After leading nation, replacement costs slow in the WestBy Scott Amussen | January 6, 2017
In this third installment of our continuing series examining regional growth patterns and their effect on reconstruction costs during the 2012–2016 housing recovery, we examine the West in greater depth. (Also read the article introducing the series.)
New Mexico, Montana, and Idaho drive increases in the West
With an average annual growth rate of 3 percent, the nation’s West region ranked second highest in reconstruction cost growth during the 2012–2016 United States housing recovery. The region even edged out the overall highest-ranked Northeast in two of those years—2014 and 2015. But as regional cost increases slowed in 2016, the West slipped back to a second-place ranking in reconstruction cost growth once again.
However, the West led the United States overall from 2012 to 2016 in material composite growth, with the region ranking number one for four of the five years. The West was second in rising labor costs during the same five-year period. And while the Northeast led the nation in labor cost growth for three years (2012, 2013, and 2016), the West had the highest increase in labor costs in 2014 and 2015.
The Mountain and Pacific states
The United States Census Bureau divides the West into two subregions: the Mountain (Montana, Idaho, Wyoming, Nevada, Utah, Colorado, Arizona, and New Mexico) and the Pacific (Washington, Oregon, California, Alaska, and Hawaii) subregions.

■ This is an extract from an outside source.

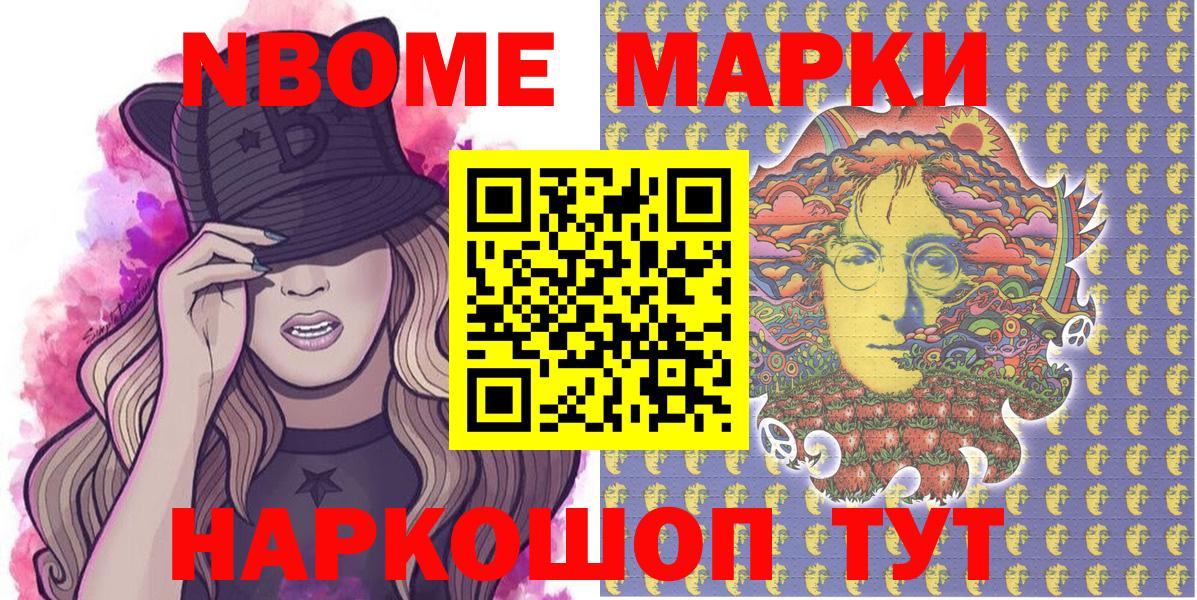 Коломна  Марки NBOMe  Вход с VPN  Наркотические марки 1,8мг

In the Mountain subregion, New Mexico, Montana, and Idaho saw costs rising the fastest, recording a 3.6 percent average annual growth rate between 2012 and 2016. Wyoming, Nevada, and Utah saw costs growing at approximately 3.2 percent. Colorado and Arizona recorded growth rates below the national average of 2.9 percent. In the Pacific subregion, Washington experienced a 3 percent average annual growth in costs, while growth in the remaining states was below the 2.9 percent national average.

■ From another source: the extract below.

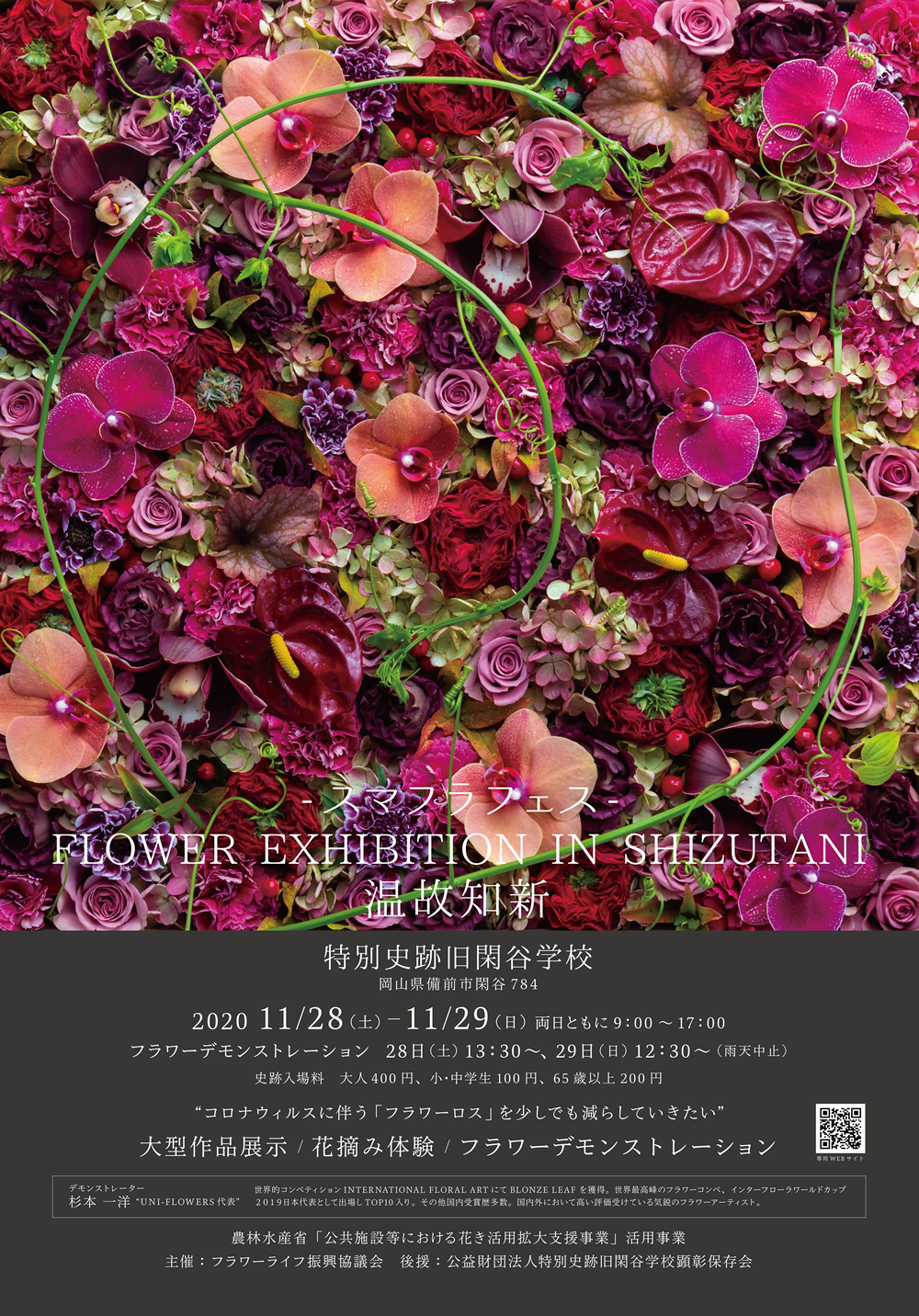 FLOWER EXHIBITION IN SHIZUTANI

And in 2016, the Mountain subregion experienced the fastest growth in labor costs in the nation, as well as the quickest rise in material composite costs in 2014 and 2015.
Water management and boom in mineral resources fuel price increases
Exceptional reconstruction cost growth in certain areas is often difficult to attribute to specific causes. However, in states like New Mexico, severe climate dryness is creating a need for water conservation. This need might manifest itself indoors in the form of low-flush toilets, water-friendly washing machines, and evaporative air coolers; and outdoors through xeriscape or water-efficient landscapes and rainwater harvesting systems. Compliance with these regulations carries additional expense, which may drive reconstruction costs even higher. These requirements increase demand for building materials and specialized labor which, in turn, increases reconstruction costs.

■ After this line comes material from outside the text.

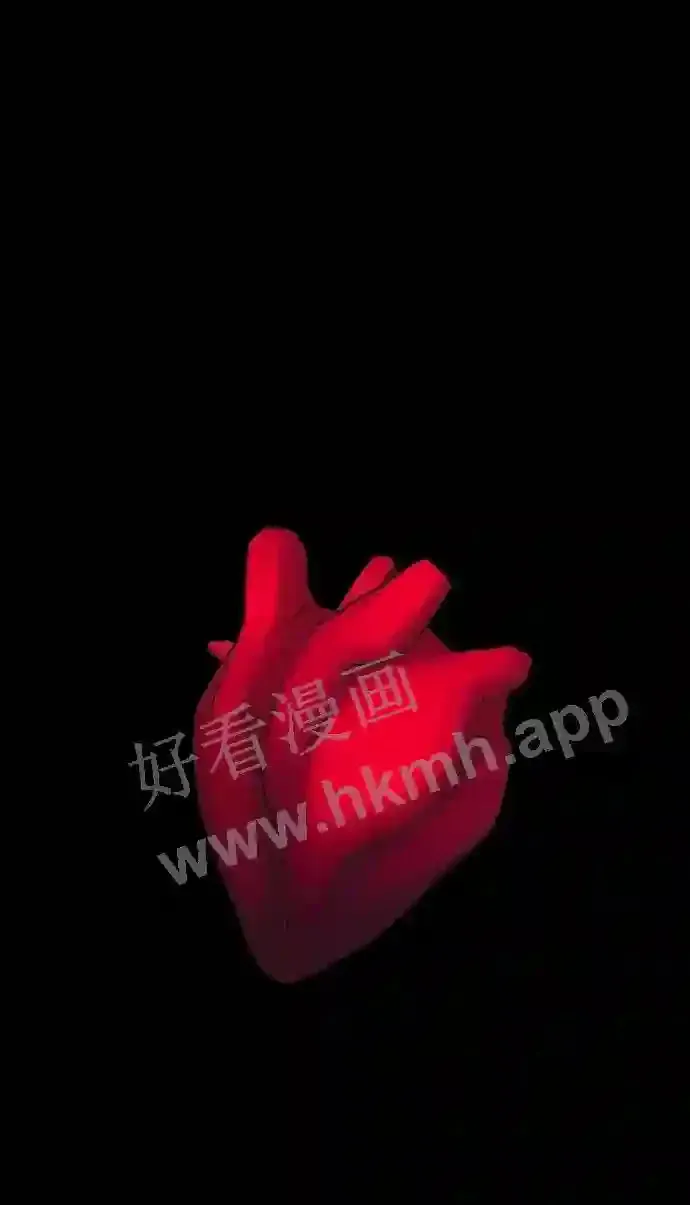第110话 第17页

In other states where reconstruction cost growth rates were high, such as Montana and Idaho, mineral resource production played a significant role. In Idaho, Montana, and Wyoming, substantial cost increases were predominantly related to the great shale oil boom that occurred in those states between 2006 and 2015. The economic boom fostered demands for a new labor force. Workers flocked to the area for new high-paying jobs, and with them came increased demands for housing. Heightened demands for labor and new housing factored into rising reconstruction costs.
The data used for this analysis comes from Verisk’s 360Value® database, which is compiled by Xactware. Xactware uses a research process that tracks costs from tens of thousands of contractors and claims adjusters, extensive material and labor cost surveys, and an analysis of more than 5 million actual damage repair estimates for claims each year.